I’m told by friends who provide enterprise-level hardware for large applications that they are seeing a significant trend away from the huge ‘database-scale’ hardware behemoths towards commodity hardware. NoSQL Database systems such as MongoDB are being selected despite their relative immaturity, purely on the fact that they are so easy to justify on grounds of cost-saving. They can use shedloads of commodity hardware clusters, so can scale up so much more cheaply. It can cost ten times as much to expand capacity of a relational system.
Of course, reality is different, because there are other costs. The typical NoSQL solutions have been refined for web applications rather than a busy OLTP task. They are best with offline processing and analysis of large-scale data that doesn’t change much, and where the underlying schema hasn’t been figured out. It doesn’t have the facilities required for commerce such as transactionality. All the services that SQL provides, if they are required, need to be written now at the application level by the developers; whether that is aggregation, joins, scheduled jobs, ETL or transactions. This is all likely to add costs into the equation.

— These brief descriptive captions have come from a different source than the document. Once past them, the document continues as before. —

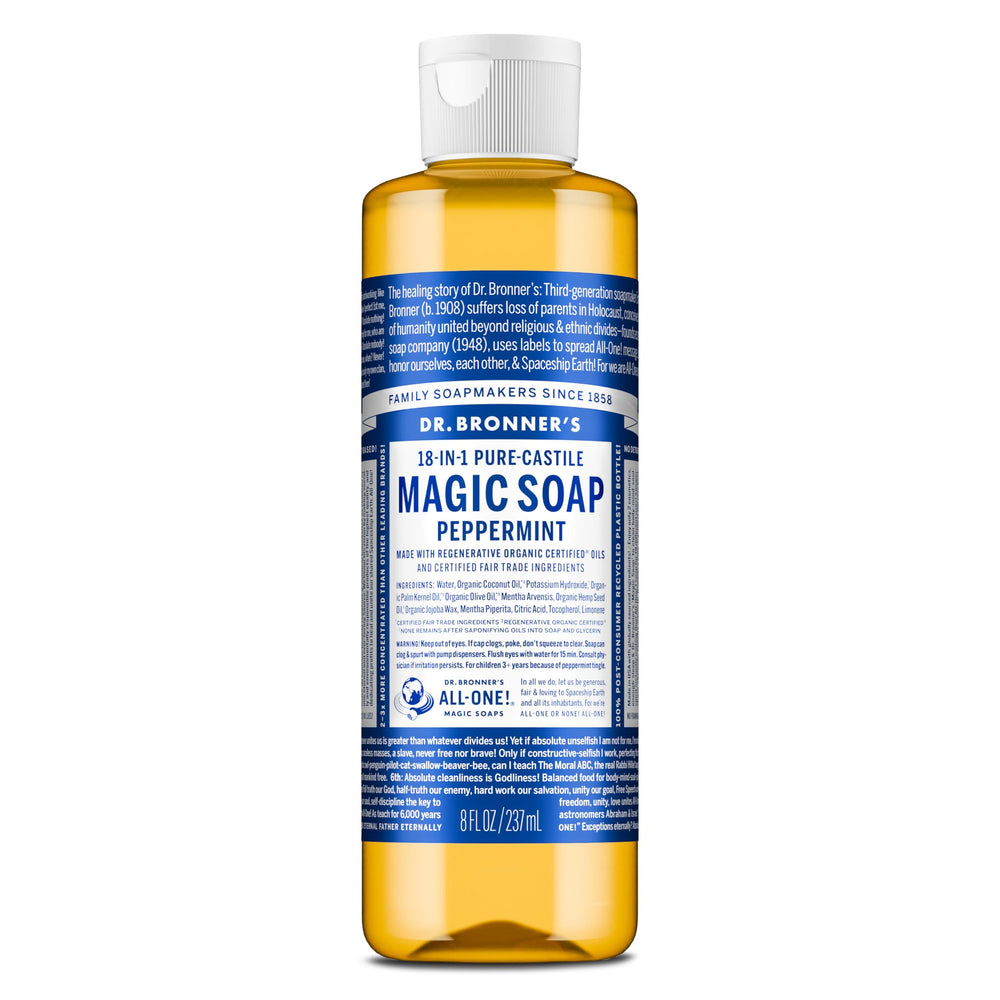 Dr. Bronner's Pure-Castile Menthe — bouteille claire avec étiquette bio.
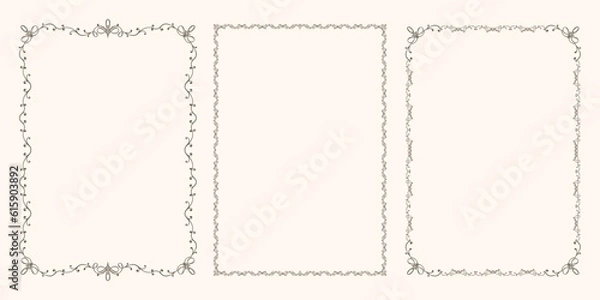 Obraz Set of vector frames with swirls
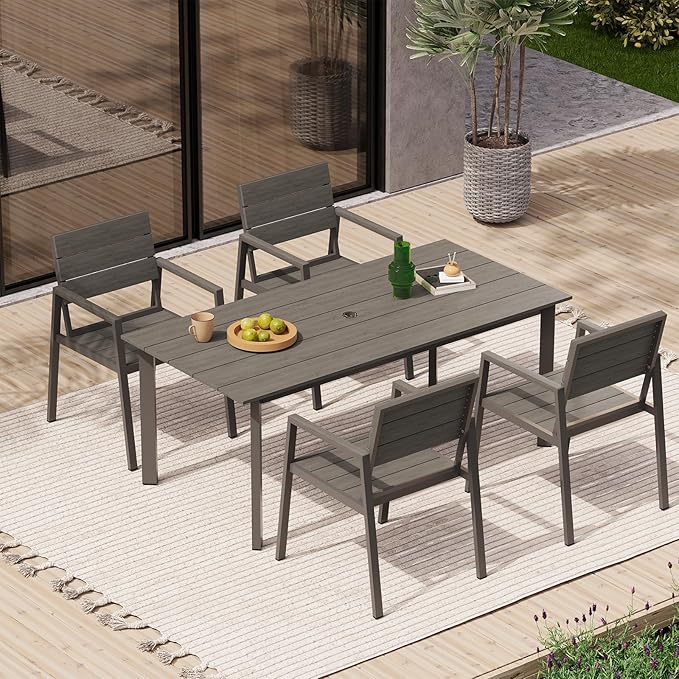 67" Rectangle HDPS Patio Dining Table, Aluminum Outdoor Patio Dining Table with Umbrella Hole, Weather-Resistant for Lawn, Garden, Yard, Poolside and Indoor Use (Charcoal)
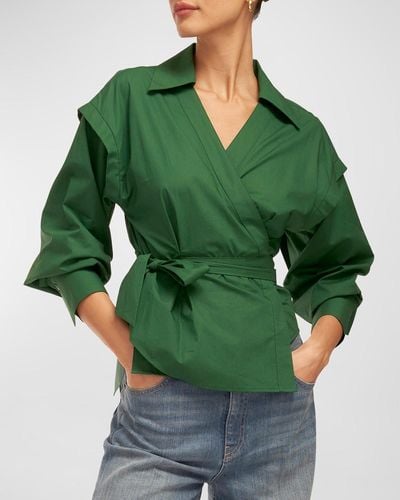 Equipment Evie Long-sleeve Cotton Wrap Blouse - Green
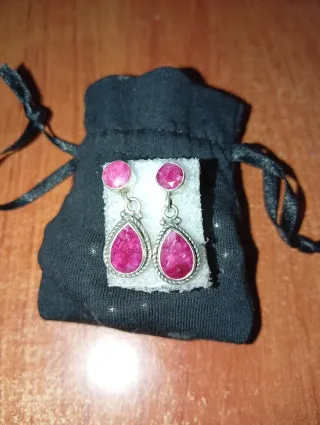 Pendientes Plata y Rubí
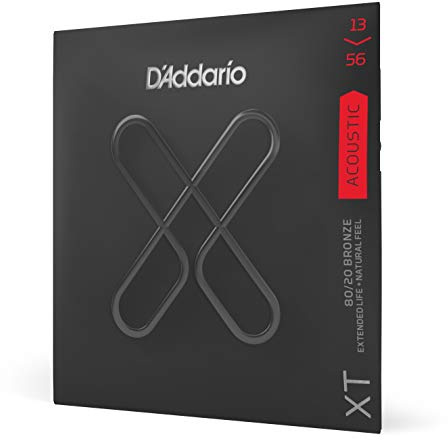 D'Addario Acoustic Guitar Strings, XT 80/20 Bronze Coated, XTABR1356, Medium Gauge 13-56, 6-String Set, Pack of 1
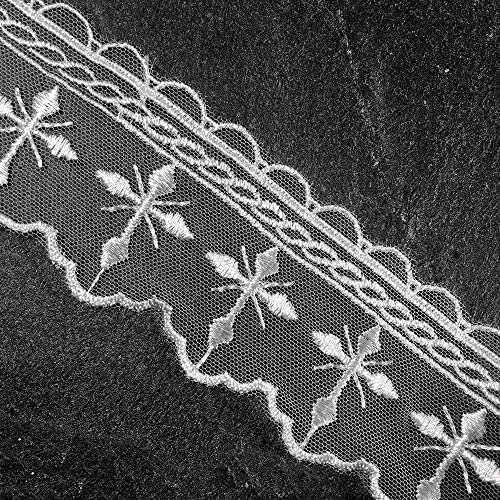 3-Yards White Embroidered Tulle Cross Church lace Trim, 2-1/8 Inch, STEP-3521, TR-12225 (White) - Thumbnail 2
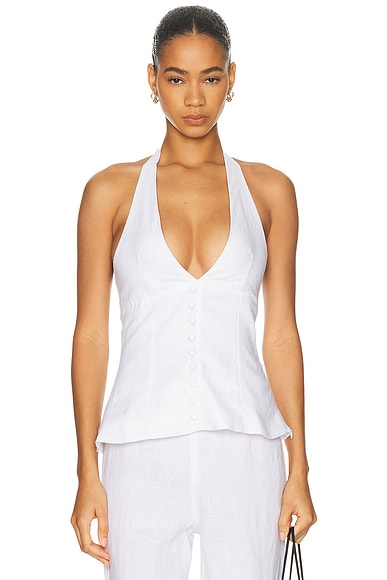 AEXAE Linen Halter Neck Top in White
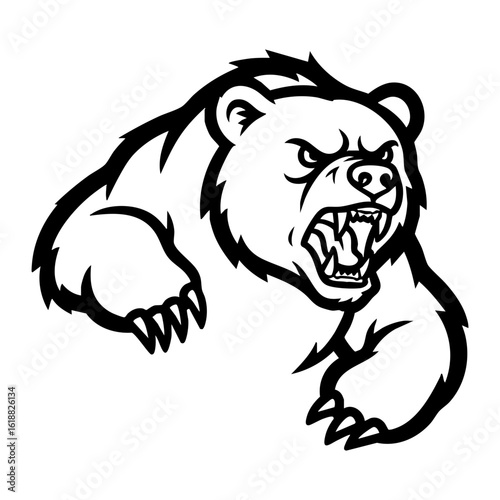 Fierce Angry Bear Mascot Silhouette Vector Logo - Aggressive Character with Intimidating Expression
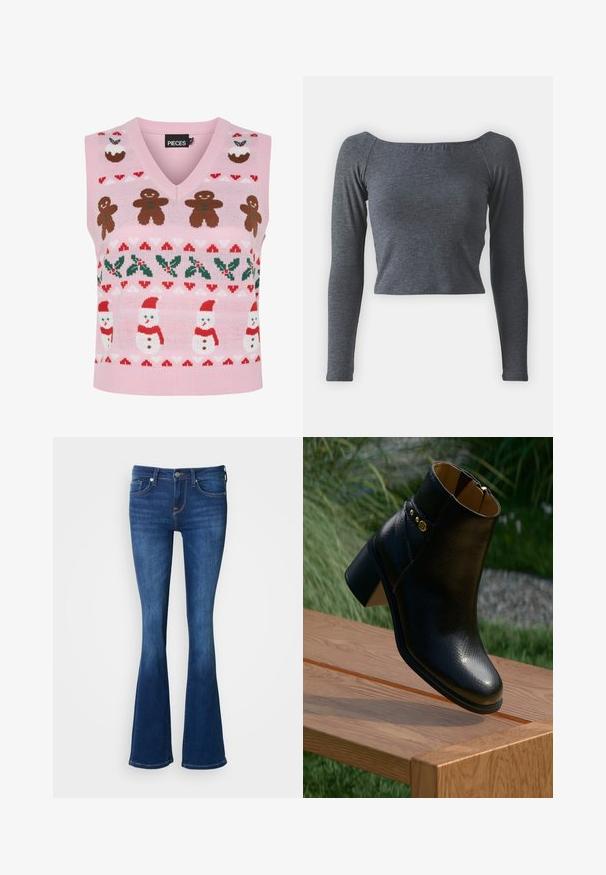 Gilet en tricot rose avec un design en V, décoré de bonhommes en pain d'épices, de bonhommes de neige, de houx et de motifs festifs en rouge et vert.; Crop top gris à manches longues, fabriqué dans un tissu doux, avec un décolleté carré et une coupe ajustée. Pas de motifs ni d'ornementations visibles.; Jean évasé en denim bleu foncé. Taille mi-hauteur avec un design à cinq poches et des détails de couture subtils. Texture douce, ajusté au niveau de la cuisse.; Bottine en cuir noir avec une finition texturée, un bouton accent doré et un talon épais, positionnée au-dessus d'une table en bois.
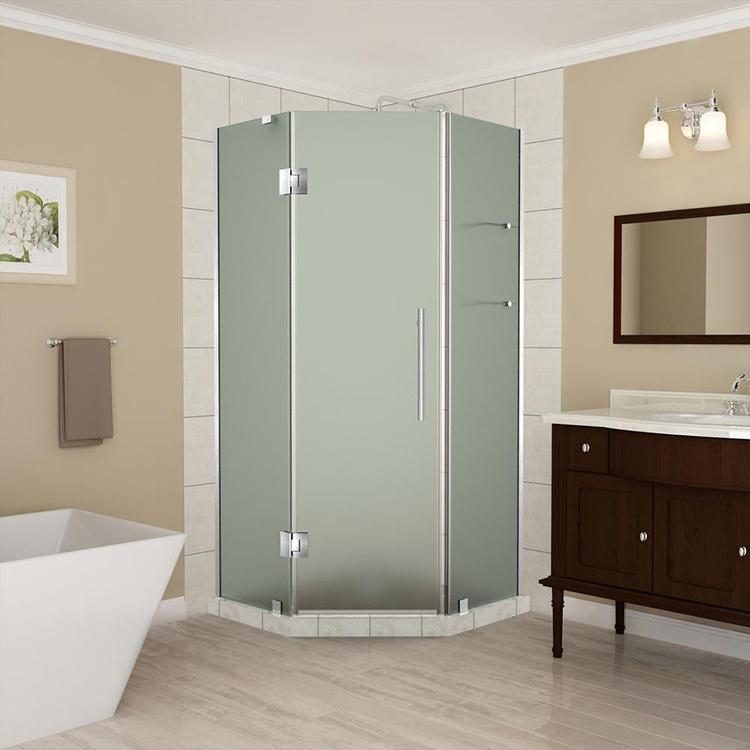 Tempered Acid Etched Glass Bathroom Manufacturers 6mm Frosted Toughened Glass For Frameless Shower Door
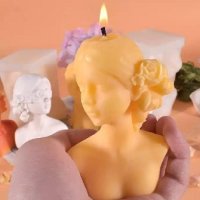 Дама красива жена с маска лице кок глава силиконов молд форма фондан смола свещ восък глина сапун , снимка 8 - Форми - 35811373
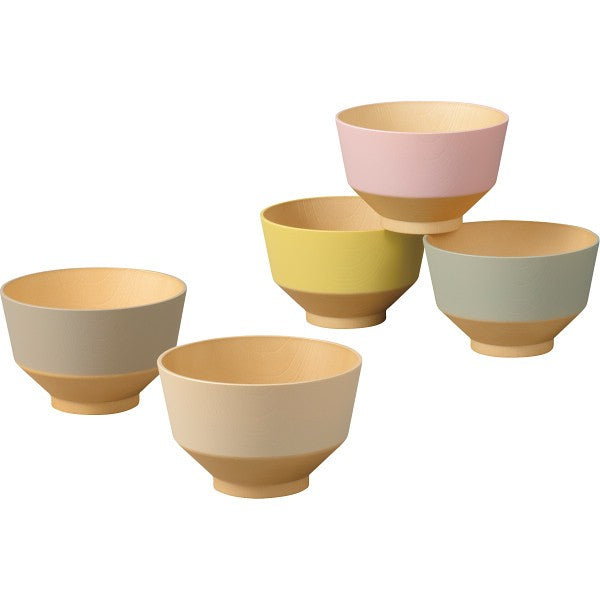 日々色　抗菌汁椀　５客セット 17147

Abandoning SQL can be painful for other reasons. Working with MapReduce, for example, is a cultural shock to any SQL developer because it is more like writing execution plans by hand. Whereas, with SQL, you just declare what result you want, no matter what the size and distribution of the data, MapReduce required hand-crafted strategies that would need to be refined as the data changes. I stopped doing that sort of thing over twenty years ago.
Could the answer be to add SQL to ‘BigData’ systems such as Hadoop? There are already many SQL On Hadoop solutions such as Hive, Impala, Stinger or Hadapt but . In a new twist, the Hadoop stack is now host to a full-featured SQL database called ‘Splice Machine’, capable of running transactions and analytics simultaneously.
The clever thing about the Splice Machine, which uses Apache Derby as its database engine, is that the SQL planner and optimizer has been extended to create execution plans that can make use of Hadoop's parallel architecture so that processing is done at the individual node. The intermediate data is then spliced back together to create the result.
The early signs are that we can now run a SQL-based relational database with distributed execution plans over commodity hardware, leaving just the task of splicing together of the result to the engine itself, then why can’t Microsoft or Oracle do it? The dream of a linear cost for scaling a relational database now seems attainable, and it looks like the open source community may have somehow got there first.